--- RECORDS Enclosed Below ---

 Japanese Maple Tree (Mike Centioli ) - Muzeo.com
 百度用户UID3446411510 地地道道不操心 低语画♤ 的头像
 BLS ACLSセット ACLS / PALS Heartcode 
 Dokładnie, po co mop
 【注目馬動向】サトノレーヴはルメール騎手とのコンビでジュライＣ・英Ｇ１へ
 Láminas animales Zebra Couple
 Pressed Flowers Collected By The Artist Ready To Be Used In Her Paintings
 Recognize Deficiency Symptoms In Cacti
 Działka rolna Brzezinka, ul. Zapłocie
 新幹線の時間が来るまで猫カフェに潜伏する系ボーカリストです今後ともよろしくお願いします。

--- End of Enclosed RECORDS ---
--- RECORDS Enclosed Below ---

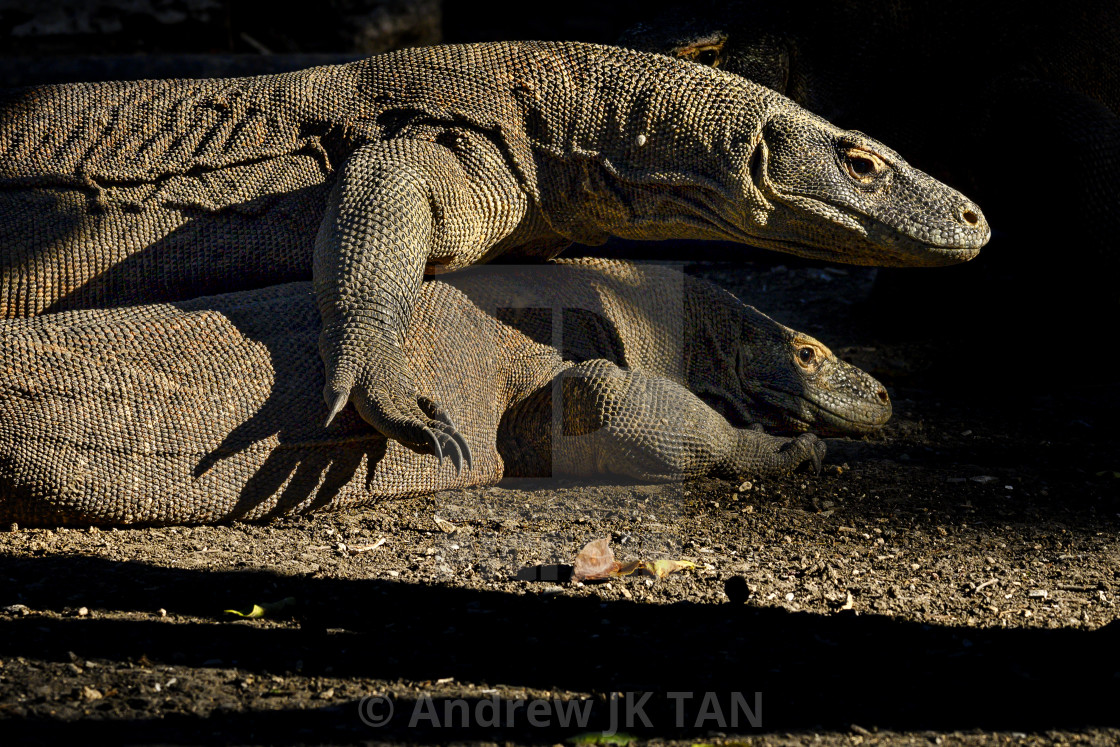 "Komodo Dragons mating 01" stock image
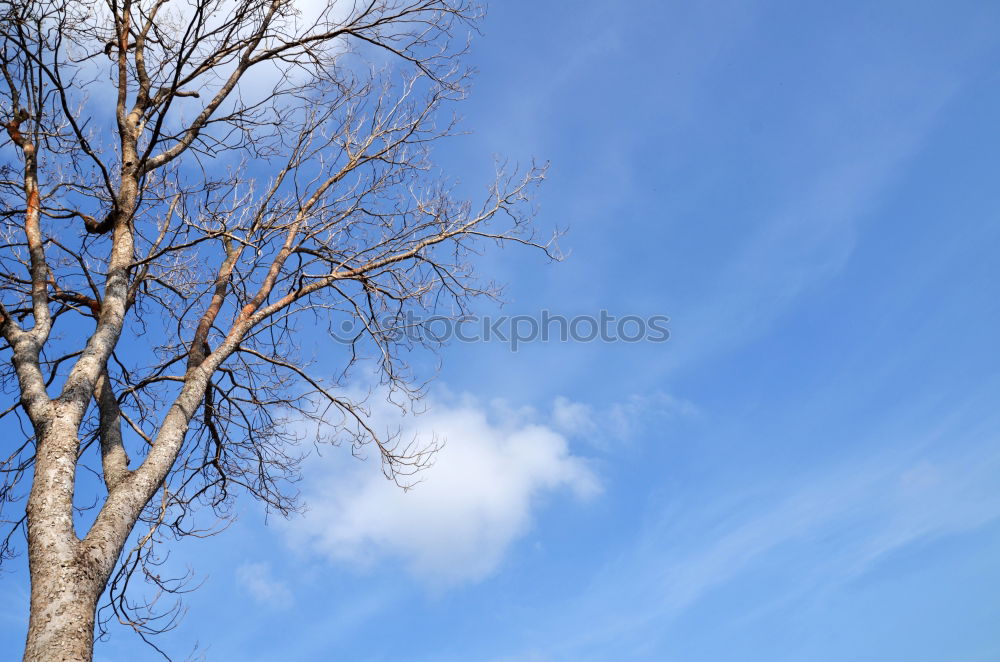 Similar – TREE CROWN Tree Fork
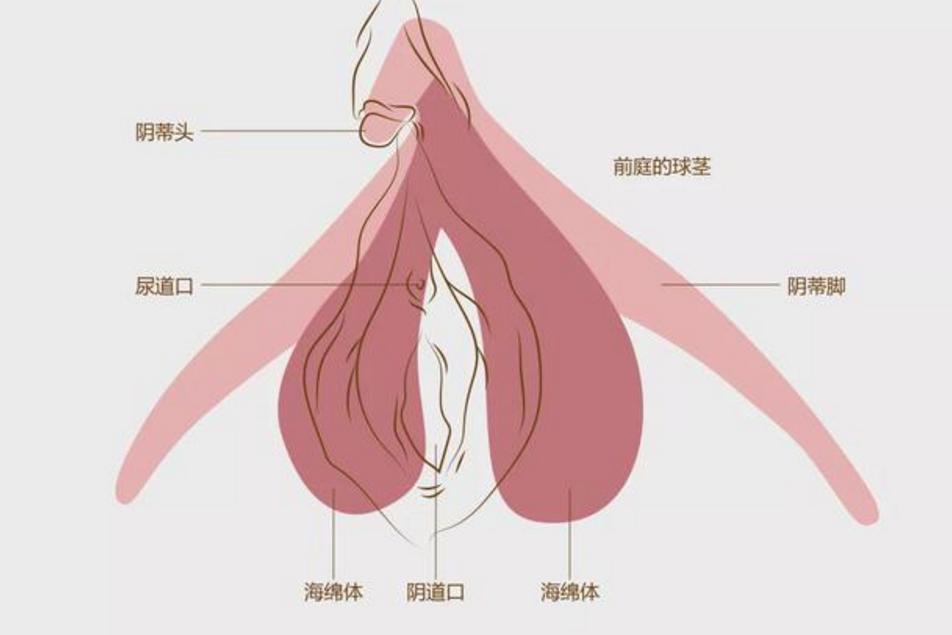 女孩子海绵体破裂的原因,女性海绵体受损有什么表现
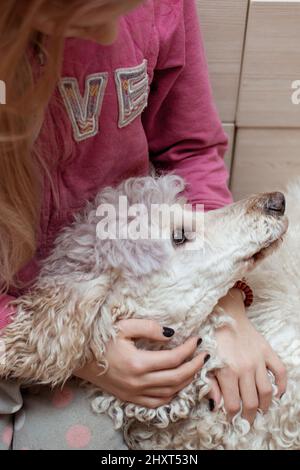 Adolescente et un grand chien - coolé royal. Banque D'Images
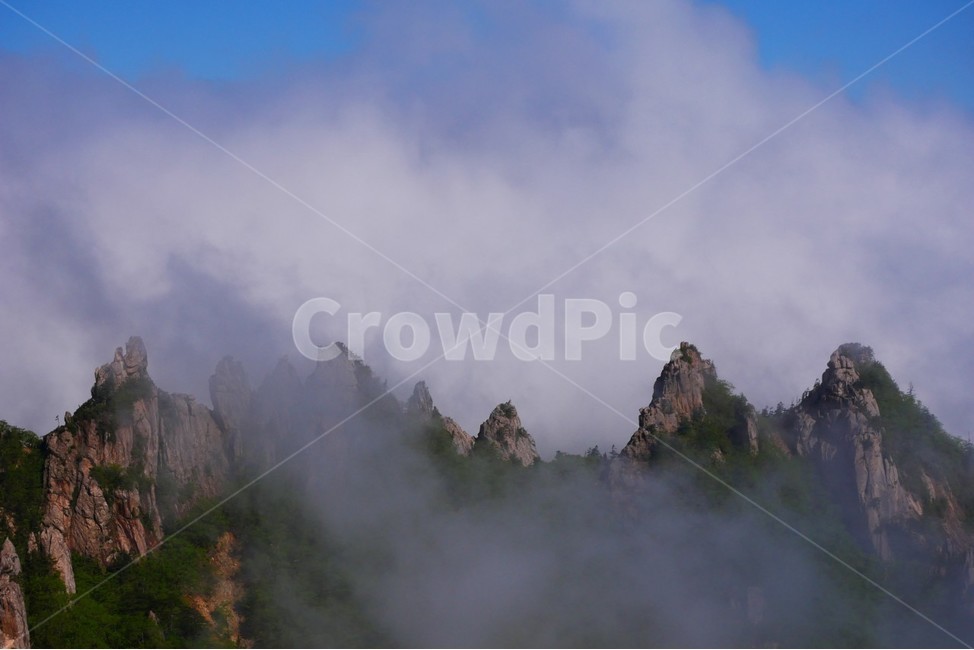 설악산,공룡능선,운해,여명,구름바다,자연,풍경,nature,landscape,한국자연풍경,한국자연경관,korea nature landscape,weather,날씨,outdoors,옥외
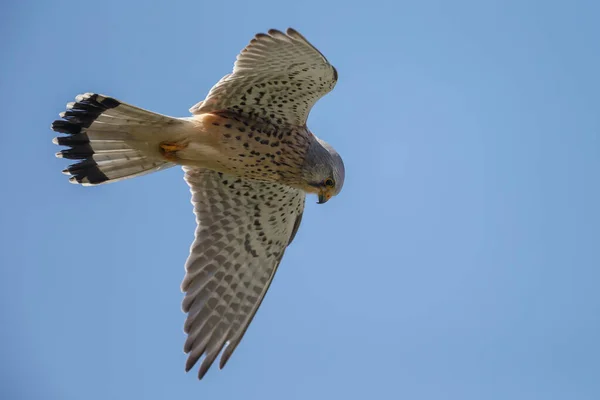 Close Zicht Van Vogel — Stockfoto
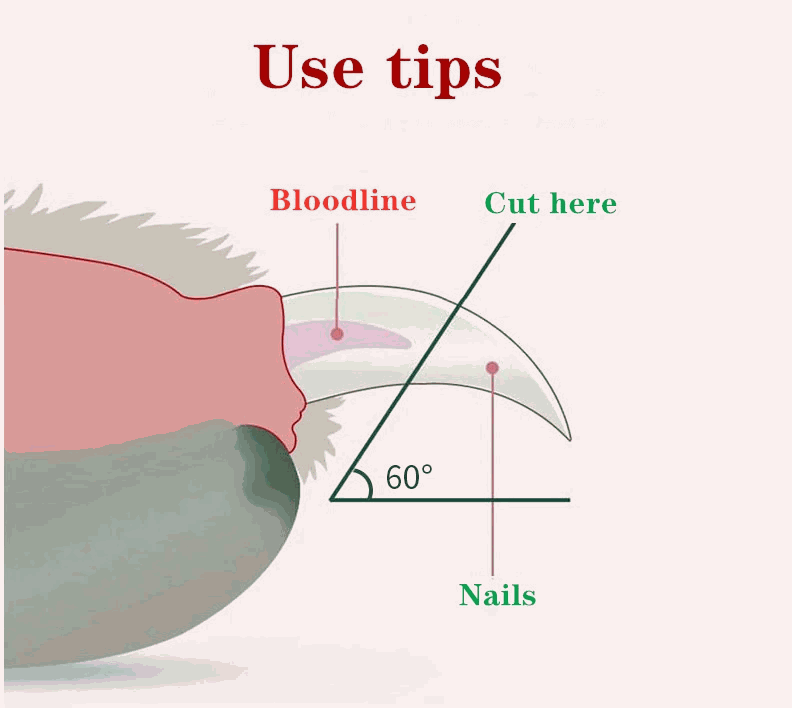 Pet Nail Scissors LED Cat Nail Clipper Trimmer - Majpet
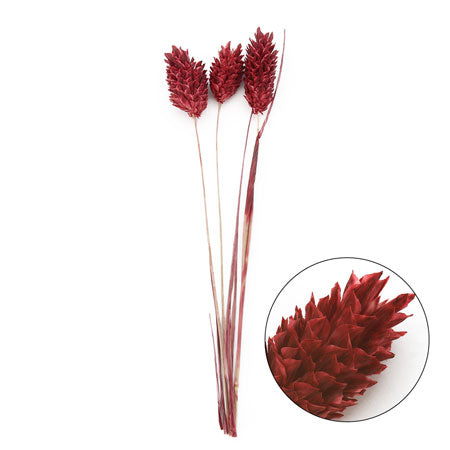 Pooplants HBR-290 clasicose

--- End of Enclosed RECORDS ---

Reproduce the listing above exactly from the line containing "女孩子海绵体破裂的原因,女性海绵体受损有什么表现" up to and including the line containing "Close Zicht Van Vogel — Stockfoto", omitting any images and everything outside those lines.

 女孩子海绵体破裂的原因,女性海绵体受损有什么表现
 Adolescente et un grand chien - coolé royal. Banque D'Images
 설악산,공룡능선,운해,여명,구름바다,자연,풍경,nature,landscape,한국자연풍경,한국자연경관,korea nature landscape,weather,날씨,outdoors,옥외
 Close Zicht Van Vogel — Stockfoto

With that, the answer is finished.